La Société attribuait ces rendements records à sa fidélité à ses principes fondamentaux, soit la présence, au sein des conseils d’administration des sociétés du groupe, d’une majorité de membres indépendants et puissants recrutés dans le monde des affaires, de même que la mise en place d’équipes de gestionnaires qui reçoivent des encouragements, un soutien et des témoignages de reconnaissance de la part de leurs conseils d’administration respectifs et de la société mère.
Les années 80, qui avaient débuté dans l’incertitude, s’achevèrent avec la réalisation d’une importante transaction. En janvier 1989, Power reçut de Stone Container Acquisition Corporation une offre non sollicitée de 25 $ par action de Consolidated-Bathurst. En raison des liens étroits et de longue date entre Power et Consolidated-Bathurst, le conseil d’administration trouva la décision difficile à prendre, mais l’offre était alléchante : elle représentait en effet deux fois et demie la valeur comptable des actions. De plus, les perspectives du secteur des pâtes et papiers étaient incertaines en raison de la surcapacité de production mondiale, de la baisse de la compétitivité des stocks de fibres du Canada et des nouveaux investissements énormes qu’il fallait envisager, surtout pour la protection de l’environnement. La transaction, l’une des plus importantes jamais réalisées au Canada jusque-là, apporta à Power un produit de 1,022 milliard $.
Deux mois plus tard, en mars 1989, la société-mère montréalaise de Bell Canada, BCE Inc., proposa à la Corporation Financière Power 547 millions $ pour ses actions de Montréal Trust, soit environ deux fois plus que la valeur comptable du placement. Cette offre fut acceptée, en grande partie en raison des doutes que la Financière Power entretenait depuis quelque temps déjà au sujet de la capacité d’une entreprise de dépôt de taille moyenne, telle que Montréal Trust, à résister à long terme à la concurrence des grandes banques à charte canadiennes.
De 1982 à 1989, en tant que président du conseil, président et chef de la direction, Robert Gratton avait dirigé Montréal Trust à travers une période de forte croissance et d’amélioration sensible de ses résultats financiers.
Paul Desmarais, jr siégea au conseil du Montréal Trust et travailla en étroite collaboration avec Robert Gratton pour assurer la vente de Montréal Trust.
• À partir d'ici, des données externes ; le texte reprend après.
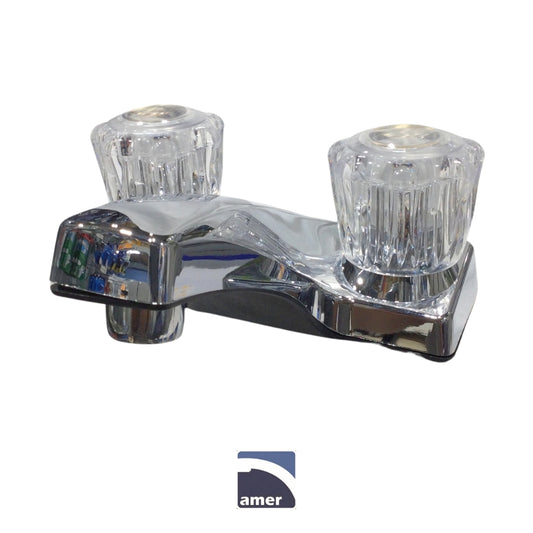LLAVE PARA LAVAMANOS PLASTICA AMER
Il réussit à convaincre M. Gratton de quitter Montréal Trust, dont il était un haut dirigeant fort apprécié, pour devenir, en 1989, président de la Financière Power. Il en devint le chef de la direction en 1990, au moment où Paul Desmarais, jr fut nommé président exécutif du conseil de la Financière Power.
Liste des dirigeants
et des membres du conseil
La décision de vendre Montréal Trust à BCE à ce moment-là fut en quelque sorte un geste visionnaire, puisque les activités fiduciaires canadiennes allaient passer, à peine quelques années plus tard, aux mains des principales banques canadiennes.
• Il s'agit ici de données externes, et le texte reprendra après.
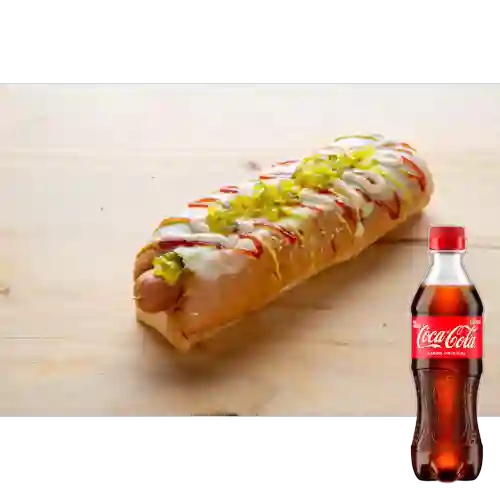 Combo Bendito Hot Dog Americano +Cocacola Orig 400ml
La part du groupe Power du profit avant impôt réalisé sur ces deux transactions atteint plus d’un milliard de dollars et Power Corporation put clore la décennie en déclarant un dividende extraordinaire de 1 $ par action en faveur des porteurs de ses actions privilégiées participantes et de ses actions comportant un droit de vote limité (les anciennes actions ordinaires).